Talent is out there and whilst finding it can sometimes feel like swimming vertically up the Niagara Falls, wonderful people can be found. It’s just about doing the right things in a consistent and considered manner and realising that it will take a little longer than normal.     

Here are a few tips that may help. 

Keep in mind that hiring is never linear – there will be bumps along the way as humans are beautiful, but complex machines that can do the most unpredictable things, such as changing their mind at the last second, and the acceptance of this fact can be quite liberating.

Your job ad and job description are two very separate parts of the process. The ad is to entice and the description is to provide a deeper insight. Do not make either bland – ones that are too long, rigid, or complex will simply put people off. Give someone an insight into your culture, and make it honest and heartfelt. Also, know exactly what you want – this is key at the start of the process.

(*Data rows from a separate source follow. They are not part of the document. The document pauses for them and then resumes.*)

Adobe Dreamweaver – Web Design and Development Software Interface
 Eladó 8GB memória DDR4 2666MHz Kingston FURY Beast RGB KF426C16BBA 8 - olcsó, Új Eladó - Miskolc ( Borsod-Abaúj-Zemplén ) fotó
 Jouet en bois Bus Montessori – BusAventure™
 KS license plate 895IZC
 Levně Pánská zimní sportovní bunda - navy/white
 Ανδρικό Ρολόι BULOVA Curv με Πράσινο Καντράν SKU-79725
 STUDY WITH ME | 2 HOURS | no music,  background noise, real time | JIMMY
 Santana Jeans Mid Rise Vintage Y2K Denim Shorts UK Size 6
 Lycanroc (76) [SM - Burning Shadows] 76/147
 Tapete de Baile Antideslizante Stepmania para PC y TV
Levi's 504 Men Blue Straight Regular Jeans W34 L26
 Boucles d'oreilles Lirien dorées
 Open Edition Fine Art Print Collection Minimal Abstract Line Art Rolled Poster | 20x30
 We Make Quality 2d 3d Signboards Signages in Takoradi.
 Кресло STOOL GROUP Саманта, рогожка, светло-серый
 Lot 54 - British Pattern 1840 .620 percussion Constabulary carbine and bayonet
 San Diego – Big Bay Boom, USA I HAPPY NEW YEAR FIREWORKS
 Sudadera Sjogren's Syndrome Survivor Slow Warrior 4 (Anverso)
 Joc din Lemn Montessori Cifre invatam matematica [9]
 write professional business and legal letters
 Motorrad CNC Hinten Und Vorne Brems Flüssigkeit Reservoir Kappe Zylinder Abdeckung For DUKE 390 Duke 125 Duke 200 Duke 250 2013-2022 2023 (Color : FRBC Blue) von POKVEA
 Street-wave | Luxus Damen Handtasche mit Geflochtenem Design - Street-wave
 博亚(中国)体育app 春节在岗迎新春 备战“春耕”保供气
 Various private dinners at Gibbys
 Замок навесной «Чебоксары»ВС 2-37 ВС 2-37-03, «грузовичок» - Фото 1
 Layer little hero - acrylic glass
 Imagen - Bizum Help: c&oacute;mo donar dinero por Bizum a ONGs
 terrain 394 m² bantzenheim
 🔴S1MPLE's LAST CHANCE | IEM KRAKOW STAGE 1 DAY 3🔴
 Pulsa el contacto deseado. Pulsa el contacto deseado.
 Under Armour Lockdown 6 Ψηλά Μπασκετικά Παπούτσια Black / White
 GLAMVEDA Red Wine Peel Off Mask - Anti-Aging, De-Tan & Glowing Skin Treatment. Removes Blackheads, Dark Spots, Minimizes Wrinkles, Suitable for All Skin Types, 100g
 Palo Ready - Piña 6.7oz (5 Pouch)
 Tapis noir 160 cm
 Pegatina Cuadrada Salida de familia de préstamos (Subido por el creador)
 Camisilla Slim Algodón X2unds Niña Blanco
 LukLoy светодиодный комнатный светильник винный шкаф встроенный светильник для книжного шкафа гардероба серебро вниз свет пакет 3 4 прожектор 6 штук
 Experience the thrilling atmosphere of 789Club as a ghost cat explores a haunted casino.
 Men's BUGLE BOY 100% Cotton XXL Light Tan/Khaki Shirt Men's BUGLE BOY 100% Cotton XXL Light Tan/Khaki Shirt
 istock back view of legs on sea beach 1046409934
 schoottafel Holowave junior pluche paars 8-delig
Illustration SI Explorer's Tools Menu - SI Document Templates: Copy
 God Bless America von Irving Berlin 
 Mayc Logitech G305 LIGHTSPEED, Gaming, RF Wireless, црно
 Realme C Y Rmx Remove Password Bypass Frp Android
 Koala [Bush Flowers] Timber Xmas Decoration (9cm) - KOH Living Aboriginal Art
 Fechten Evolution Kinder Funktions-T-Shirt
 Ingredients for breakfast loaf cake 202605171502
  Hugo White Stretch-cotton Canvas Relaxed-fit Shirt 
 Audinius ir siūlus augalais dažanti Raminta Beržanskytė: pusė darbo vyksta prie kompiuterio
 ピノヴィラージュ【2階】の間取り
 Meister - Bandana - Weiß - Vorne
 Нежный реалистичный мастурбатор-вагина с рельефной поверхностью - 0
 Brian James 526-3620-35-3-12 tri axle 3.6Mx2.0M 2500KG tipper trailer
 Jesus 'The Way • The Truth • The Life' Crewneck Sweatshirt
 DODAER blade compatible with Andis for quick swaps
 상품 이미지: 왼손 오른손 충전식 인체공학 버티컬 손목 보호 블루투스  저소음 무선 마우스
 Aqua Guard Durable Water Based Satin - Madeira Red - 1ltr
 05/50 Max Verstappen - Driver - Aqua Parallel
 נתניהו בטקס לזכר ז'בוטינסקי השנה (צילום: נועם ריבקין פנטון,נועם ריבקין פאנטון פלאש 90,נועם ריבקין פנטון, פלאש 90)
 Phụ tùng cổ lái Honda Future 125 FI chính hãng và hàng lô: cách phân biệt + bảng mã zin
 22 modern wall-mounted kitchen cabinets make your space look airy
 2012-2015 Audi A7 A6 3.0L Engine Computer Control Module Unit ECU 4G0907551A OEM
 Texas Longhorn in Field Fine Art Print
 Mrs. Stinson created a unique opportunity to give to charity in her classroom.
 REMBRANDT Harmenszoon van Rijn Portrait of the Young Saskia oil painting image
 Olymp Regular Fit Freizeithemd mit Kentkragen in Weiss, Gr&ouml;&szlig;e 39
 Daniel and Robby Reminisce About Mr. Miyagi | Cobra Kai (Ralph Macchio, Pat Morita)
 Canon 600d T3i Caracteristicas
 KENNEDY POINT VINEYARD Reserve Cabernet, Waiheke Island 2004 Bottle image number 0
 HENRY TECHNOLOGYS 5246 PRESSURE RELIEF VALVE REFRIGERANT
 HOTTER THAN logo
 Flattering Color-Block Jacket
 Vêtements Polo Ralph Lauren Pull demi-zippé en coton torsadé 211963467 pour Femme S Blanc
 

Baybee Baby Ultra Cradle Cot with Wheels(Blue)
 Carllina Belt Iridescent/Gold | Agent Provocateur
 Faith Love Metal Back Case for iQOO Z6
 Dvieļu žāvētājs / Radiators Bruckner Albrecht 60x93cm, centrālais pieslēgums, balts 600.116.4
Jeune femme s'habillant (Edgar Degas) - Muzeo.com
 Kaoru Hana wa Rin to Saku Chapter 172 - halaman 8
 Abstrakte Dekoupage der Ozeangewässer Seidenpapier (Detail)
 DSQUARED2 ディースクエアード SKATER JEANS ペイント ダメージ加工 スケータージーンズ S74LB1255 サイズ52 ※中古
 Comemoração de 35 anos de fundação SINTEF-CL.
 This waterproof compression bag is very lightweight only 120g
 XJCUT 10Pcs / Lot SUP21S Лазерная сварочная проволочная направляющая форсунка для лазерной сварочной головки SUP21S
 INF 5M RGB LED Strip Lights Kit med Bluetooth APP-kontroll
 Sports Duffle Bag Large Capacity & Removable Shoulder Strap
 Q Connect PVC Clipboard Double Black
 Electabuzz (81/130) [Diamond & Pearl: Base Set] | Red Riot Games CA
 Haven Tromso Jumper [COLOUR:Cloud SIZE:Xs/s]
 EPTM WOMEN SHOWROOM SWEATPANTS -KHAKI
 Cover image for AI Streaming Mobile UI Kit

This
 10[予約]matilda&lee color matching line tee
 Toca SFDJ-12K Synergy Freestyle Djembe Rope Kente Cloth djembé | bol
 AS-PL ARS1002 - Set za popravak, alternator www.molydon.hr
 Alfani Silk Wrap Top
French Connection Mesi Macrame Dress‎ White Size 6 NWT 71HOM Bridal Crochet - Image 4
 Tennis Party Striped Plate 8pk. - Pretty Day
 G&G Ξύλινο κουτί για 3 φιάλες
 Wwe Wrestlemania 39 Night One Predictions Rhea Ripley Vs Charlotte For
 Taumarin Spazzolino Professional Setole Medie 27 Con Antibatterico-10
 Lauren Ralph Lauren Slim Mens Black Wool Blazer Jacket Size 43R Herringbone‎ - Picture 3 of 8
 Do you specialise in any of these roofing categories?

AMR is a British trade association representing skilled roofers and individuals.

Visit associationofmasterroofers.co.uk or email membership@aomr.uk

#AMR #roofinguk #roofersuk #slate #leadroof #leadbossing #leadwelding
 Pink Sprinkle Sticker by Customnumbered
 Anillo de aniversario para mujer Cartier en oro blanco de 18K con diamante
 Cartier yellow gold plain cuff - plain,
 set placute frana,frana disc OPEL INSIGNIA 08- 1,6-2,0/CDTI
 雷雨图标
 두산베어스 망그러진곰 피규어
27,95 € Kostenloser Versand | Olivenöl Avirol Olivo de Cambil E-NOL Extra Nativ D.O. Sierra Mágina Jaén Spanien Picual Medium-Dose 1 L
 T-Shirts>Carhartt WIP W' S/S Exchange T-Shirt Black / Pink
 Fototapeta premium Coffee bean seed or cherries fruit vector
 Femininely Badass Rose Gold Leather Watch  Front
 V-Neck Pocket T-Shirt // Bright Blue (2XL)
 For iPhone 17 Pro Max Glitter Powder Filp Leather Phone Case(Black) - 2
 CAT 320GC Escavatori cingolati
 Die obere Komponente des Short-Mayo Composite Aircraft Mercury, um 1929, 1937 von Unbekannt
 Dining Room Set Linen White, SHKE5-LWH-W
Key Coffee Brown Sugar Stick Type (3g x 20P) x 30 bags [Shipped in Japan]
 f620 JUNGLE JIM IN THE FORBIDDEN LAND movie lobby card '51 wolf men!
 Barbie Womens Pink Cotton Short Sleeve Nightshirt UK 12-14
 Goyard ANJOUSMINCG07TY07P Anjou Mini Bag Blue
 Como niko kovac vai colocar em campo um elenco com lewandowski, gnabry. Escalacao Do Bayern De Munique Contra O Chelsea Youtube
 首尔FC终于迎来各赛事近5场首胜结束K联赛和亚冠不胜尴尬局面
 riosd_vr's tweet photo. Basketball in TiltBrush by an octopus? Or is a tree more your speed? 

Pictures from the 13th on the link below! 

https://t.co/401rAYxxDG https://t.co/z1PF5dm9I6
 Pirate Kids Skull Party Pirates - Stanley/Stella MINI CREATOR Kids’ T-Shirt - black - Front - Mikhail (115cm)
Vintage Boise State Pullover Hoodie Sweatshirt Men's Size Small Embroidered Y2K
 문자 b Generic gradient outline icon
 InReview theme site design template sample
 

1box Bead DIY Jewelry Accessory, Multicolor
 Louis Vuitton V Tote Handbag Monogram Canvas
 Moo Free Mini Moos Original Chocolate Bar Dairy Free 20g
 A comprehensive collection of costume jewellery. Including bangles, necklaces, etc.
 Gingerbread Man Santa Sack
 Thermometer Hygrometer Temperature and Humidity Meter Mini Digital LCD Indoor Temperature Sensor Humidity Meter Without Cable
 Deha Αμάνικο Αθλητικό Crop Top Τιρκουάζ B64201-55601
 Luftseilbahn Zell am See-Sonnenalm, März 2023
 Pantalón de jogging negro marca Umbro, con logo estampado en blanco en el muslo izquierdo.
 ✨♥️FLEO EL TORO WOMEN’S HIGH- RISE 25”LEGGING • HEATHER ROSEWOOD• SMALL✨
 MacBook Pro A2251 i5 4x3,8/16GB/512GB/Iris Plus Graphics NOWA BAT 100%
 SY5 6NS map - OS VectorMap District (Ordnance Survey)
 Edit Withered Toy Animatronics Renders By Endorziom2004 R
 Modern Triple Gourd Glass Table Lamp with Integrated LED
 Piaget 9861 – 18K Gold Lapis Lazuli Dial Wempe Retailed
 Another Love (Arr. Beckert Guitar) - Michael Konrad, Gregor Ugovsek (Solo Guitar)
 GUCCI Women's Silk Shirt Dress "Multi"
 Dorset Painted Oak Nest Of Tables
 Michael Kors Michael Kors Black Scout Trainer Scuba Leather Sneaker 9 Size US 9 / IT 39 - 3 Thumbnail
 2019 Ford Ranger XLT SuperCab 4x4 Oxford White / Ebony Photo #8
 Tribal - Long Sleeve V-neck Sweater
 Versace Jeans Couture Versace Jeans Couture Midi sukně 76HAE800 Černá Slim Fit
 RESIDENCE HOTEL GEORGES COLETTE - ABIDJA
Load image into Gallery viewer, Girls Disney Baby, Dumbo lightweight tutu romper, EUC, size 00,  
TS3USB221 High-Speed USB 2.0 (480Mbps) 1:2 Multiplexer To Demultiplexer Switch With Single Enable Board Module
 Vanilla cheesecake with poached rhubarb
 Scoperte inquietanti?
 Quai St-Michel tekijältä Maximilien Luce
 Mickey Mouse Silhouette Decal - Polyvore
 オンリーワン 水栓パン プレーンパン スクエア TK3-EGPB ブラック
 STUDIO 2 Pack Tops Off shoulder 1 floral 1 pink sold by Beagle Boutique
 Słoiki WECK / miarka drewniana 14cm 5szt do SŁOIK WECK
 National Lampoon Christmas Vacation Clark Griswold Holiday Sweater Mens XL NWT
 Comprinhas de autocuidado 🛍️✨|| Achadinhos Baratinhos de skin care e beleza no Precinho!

Things can evolve during a hiring process, but without knowing the true nature of what you want will end in a fruitless search.  

Turn your JD upside down and start with the benefits and why someone should work for you and how others have succeeded. Lead with your culture, ethos, career development plans, record of success, beliefs, market position etc and most of all, salary, bonus structure, plus benefits that will add value to the role and its prospects. You must show that you are tuned into the market, and current rates and have an environment where people are appreciated, not hindered.
No matter how busy you are – you must make time. To make a difference, you must make quality time. That’s your time and attention, and you must do it willingly, not as chore or rushed. Do it with wholehearted enthusiasm or don’t bother at all. Candidates will pick up on a lack of attention so be available for the people who matter. That great person may not be there tomorrow and by then, you’d wish you’d listened.    

Don’t think everyone will be interested in you. This may sound harsh but every single ‘credible’ person you meet will have other options and they will not wait for you to make up your mind. The second an apt CV lands in your inbox is the moment that person is seriously engaged. Moving quicker than your competition keeps them committed to you. Keeping someone waiting negates their enthusiasm.  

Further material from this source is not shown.